PROBLEM TO SOLVE – When you reach the line that has "Today we're going" in the material below, reproduce it and each line after it exactly, through the last one.

* * * * * * *

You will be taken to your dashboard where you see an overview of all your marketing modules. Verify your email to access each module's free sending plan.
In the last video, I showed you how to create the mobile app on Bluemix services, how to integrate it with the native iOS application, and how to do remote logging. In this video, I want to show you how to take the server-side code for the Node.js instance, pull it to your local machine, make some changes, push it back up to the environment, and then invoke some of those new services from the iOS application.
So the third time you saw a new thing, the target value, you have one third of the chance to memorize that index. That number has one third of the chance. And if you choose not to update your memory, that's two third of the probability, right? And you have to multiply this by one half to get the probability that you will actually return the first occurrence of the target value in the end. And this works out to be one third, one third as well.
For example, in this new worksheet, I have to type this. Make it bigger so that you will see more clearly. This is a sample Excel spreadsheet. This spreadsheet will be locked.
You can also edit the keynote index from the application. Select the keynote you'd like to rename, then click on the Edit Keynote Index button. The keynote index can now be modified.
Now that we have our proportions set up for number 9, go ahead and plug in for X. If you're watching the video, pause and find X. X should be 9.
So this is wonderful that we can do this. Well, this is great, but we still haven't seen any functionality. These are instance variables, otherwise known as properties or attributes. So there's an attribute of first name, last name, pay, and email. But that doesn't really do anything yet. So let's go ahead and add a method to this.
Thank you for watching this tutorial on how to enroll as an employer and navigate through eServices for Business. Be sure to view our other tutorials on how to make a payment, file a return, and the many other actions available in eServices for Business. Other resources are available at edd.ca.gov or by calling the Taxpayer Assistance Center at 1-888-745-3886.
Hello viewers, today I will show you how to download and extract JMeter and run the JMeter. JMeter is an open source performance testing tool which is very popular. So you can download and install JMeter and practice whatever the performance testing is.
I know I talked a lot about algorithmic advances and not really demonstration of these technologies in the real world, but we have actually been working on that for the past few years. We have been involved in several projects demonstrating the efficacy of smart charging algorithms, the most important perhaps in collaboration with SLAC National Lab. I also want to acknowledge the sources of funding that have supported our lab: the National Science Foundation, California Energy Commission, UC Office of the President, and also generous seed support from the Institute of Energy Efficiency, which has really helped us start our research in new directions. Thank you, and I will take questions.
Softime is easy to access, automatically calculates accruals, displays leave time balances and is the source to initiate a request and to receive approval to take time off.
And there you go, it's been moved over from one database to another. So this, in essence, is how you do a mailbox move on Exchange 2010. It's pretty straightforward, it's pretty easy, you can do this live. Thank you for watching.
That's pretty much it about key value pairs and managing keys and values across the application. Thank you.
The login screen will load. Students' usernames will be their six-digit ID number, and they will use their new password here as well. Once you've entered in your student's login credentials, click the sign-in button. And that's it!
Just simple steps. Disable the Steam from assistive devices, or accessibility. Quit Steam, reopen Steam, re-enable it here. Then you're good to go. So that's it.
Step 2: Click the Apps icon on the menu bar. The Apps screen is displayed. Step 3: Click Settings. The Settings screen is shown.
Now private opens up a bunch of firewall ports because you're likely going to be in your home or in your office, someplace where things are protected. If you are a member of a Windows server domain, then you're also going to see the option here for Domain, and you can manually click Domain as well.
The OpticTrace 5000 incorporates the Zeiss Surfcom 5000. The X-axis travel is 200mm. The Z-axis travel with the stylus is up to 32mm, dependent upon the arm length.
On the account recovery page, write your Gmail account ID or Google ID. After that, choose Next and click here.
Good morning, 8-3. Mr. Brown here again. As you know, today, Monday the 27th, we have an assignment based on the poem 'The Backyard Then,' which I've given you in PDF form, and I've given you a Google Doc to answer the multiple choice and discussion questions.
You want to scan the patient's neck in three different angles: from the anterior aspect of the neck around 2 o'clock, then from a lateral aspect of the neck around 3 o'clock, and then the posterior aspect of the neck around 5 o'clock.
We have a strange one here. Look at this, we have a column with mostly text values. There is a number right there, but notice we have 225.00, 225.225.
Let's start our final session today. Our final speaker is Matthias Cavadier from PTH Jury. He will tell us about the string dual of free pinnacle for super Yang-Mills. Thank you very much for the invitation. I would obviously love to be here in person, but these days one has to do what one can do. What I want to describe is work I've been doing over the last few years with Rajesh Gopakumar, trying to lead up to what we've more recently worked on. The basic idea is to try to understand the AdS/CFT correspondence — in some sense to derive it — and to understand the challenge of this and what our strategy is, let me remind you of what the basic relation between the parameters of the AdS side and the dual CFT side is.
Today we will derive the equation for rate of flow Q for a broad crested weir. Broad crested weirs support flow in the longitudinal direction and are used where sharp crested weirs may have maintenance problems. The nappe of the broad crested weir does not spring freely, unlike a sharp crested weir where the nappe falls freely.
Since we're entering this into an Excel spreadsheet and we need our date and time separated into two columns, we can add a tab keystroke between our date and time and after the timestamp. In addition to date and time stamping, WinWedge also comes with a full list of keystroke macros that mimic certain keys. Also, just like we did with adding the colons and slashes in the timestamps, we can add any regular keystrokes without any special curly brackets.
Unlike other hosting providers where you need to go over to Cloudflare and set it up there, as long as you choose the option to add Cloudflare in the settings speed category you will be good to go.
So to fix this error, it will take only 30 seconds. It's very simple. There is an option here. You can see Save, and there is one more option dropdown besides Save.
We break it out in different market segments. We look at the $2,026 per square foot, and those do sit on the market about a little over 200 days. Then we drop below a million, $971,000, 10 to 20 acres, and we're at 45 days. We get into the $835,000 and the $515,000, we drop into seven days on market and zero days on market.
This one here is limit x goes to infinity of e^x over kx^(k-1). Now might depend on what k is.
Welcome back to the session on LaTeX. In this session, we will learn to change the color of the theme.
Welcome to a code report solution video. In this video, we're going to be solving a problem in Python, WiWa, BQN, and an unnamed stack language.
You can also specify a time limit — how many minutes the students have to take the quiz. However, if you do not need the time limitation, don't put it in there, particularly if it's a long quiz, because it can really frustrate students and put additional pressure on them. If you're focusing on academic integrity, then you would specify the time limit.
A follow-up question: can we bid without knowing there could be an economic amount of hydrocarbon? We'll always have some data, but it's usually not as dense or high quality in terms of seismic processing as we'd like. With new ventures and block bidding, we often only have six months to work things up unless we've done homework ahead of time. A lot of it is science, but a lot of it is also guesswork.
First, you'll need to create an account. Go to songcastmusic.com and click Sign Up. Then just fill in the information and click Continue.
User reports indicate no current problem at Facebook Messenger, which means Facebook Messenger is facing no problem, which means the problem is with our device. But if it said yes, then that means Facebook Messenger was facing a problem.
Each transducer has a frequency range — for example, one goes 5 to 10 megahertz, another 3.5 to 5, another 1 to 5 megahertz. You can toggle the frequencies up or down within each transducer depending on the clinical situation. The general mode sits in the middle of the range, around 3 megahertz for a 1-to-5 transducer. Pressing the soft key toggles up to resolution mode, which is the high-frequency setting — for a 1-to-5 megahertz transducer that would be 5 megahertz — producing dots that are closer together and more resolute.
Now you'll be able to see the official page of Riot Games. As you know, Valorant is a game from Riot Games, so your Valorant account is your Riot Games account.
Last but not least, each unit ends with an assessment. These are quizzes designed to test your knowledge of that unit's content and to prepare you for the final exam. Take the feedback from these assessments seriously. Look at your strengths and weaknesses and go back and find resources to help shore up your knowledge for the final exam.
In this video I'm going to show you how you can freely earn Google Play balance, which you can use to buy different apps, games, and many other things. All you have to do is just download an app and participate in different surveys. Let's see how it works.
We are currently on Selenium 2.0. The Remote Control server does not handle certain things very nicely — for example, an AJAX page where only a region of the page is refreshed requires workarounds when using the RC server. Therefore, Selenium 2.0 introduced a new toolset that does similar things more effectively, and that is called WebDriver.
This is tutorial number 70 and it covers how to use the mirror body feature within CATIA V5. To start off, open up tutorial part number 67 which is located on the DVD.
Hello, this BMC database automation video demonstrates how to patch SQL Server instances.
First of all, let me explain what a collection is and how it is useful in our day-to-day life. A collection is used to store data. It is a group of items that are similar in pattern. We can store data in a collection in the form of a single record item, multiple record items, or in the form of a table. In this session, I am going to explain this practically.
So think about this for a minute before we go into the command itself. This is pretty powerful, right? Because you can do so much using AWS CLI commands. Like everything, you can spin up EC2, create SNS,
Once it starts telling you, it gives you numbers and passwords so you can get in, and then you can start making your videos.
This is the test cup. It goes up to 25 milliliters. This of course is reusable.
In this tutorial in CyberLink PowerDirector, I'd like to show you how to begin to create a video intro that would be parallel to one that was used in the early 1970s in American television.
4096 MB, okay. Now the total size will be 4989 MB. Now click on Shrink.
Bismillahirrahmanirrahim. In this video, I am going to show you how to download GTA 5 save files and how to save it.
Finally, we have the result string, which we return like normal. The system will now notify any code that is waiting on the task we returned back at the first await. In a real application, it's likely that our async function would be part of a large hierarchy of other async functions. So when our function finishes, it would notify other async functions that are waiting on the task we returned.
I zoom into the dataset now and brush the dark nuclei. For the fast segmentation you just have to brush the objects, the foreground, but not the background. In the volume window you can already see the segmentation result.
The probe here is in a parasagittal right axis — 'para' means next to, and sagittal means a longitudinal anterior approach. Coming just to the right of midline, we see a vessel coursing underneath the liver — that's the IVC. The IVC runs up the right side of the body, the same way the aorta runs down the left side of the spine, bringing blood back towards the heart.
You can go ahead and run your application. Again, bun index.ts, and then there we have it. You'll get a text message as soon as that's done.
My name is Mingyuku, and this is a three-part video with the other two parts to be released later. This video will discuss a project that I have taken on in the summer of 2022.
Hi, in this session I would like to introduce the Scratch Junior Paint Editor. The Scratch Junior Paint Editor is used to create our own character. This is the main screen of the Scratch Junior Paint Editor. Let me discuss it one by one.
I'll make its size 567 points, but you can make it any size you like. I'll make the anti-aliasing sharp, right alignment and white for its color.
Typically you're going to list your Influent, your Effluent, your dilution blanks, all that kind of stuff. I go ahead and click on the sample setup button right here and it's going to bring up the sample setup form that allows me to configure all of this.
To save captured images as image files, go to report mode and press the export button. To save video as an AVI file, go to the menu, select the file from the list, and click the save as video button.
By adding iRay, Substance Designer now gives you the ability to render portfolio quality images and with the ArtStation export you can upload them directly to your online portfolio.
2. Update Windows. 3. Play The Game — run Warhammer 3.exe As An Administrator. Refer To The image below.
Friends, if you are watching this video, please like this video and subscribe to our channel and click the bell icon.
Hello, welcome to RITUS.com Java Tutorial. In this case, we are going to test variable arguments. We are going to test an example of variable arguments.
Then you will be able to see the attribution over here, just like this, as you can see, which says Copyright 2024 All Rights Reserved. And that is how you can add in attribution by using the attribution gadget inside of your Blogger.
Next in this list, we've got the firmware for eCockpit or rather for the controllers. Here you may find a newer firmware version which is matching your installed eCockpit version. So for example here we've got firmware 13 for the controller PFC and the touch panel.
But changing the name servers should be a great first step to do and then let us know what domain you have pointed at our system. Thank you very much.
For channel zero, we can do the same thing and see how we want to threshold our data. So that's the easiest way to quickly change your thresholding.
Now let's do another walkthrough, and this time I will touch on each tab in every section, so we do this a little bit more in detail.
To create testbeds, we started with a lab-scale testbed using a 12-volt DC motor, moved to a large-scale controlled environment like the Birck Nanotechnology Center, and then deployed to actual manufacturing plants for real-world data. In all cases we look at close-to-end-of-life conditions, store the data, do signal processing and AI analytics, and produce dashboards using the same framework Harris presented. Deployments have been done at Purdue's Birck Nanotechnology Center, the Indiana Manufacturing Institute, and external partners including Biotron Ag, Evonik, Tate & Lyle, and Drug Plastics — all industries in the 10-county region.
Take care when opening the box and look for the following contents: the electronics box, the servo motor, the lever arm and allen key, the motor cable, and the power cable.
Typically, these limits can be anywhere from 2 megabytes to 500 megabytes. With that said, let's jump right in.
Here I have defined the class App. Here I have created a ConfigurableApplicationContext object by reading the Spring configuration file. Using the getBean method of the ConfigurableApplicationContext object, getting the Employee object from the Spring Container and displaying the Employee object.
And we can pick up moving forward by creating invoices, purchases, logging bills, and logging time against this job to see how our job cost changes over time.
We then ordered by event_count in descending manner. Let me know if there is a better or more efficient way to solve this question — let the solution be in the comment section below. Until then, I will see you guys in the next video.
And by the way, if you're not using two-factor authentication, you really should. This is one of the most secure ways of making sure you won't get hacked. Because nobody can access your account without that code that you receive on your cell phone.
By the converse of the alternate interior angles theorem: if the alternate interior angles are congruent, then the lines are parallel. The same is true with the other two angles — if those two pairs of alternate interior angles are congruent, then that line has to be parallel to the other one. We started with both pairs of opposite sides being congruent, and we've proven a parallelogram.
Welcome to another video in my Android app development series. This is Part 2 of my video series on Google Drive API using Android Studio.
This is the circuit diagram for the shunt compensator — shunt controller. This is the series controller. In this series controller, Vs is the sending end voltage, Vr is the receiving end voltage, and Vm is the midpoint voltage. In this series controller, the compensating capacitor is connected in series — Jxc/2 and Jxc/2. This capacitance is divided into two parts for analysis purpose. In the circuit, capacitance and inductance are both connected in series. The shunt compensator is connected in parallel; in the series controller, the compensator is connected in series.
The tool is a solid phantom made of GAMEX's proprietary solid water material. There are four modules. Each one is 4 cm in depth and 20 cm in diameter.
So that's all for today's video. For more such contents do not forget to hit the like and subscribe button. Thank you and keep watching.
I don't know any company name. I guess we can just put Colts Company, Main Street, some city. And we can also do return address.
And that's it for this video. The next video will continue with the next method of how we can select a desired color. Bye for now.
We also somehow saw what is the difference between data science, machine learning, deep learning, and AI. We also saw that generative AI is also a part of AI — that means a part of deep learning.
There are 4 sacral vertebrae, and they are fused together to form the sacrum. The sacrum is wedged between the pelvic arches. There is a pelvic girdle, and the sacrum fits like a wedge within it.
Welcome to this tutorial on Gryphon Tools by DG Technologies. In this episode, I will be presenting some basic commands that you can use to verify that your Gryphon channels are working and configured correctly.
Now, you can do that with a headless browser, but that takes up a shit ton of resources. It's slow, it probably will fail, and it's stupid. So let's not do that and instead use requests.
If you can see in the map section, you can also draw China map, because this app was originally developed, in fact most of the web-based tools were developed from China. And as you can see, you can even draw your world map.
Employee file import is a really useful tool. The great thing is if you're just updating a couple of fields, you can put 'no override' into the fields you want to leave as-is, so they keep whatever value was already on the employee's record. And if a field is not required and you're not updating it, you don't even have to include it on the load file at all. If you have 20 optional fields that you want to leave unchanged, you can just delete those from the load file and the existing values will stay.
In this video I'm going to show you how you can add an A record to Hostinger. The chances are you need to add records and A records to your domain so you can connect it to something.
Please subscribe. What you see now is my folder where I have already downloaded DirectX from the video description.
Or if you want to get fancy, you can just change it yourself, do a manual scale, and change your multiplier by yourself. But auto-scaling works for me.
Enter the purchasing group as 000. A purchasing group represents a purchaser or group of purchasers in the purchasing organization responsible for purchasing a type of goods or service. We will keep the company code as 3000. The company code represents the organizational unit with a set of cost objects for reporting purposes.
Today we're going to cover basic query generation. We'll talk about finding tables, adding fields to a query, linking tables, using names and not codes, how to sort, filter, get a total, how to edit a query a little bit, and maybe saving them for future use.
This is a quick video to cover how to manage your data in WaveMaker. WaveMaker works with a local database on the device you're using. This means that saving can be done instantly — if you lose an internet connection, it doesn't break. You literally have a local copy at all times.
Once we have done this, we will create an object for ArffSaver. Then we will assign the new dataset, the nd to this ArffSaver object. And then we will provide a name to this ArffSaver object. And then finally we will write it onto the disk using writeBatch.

* * * * * * *

EXERCISE RESPONSE –
Today we're going to cover basic query generation. We'll talk about finding tables, adding fields to a query, linking tables, using names and not codes, how to sort, filter, get a total, how to edit a query a little bit, and maybe saving them for future use.
This is a quick video to cover how to manage your data in WaveMaker. WaveMaker works with a local database on the device you're using. This means that saving can be done instantly — if you lose an internet connection, it doesn't break. You literally have a local copy at all times.
Once we have done this, we will create an object for ArffSaver. Then we will assign the new dataset, the nd to this ArffSaver object. And then we will provide a name to this ArffSaver object. And then finally we will write it onto the disk using writeBatch.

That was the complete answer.